Work instructions: What is needed is the whole of the data, set down exactly.

Data shown:
- - - -

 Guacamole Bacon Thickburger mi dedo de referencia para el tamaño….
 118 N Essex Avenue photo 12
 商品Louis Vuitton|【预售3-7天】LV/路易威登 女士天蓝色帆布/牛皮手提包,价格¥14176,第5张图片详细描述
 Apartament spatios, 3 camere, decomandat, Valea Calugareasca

- - - -

Response to this exercise:
 Guacamole Bacon Thickburger mi dedo de referencia para el tamaño….
 118 N Essex Avenue photo 12
 商品Louis Vuitton|【预售3-7天】LV/路易威登 女士天蓝色帆布/牛皮手提包,价格¥14176,第5张图片详细描述
 Apartament spatios, 3 camere, decomandat, Valea Calugareasca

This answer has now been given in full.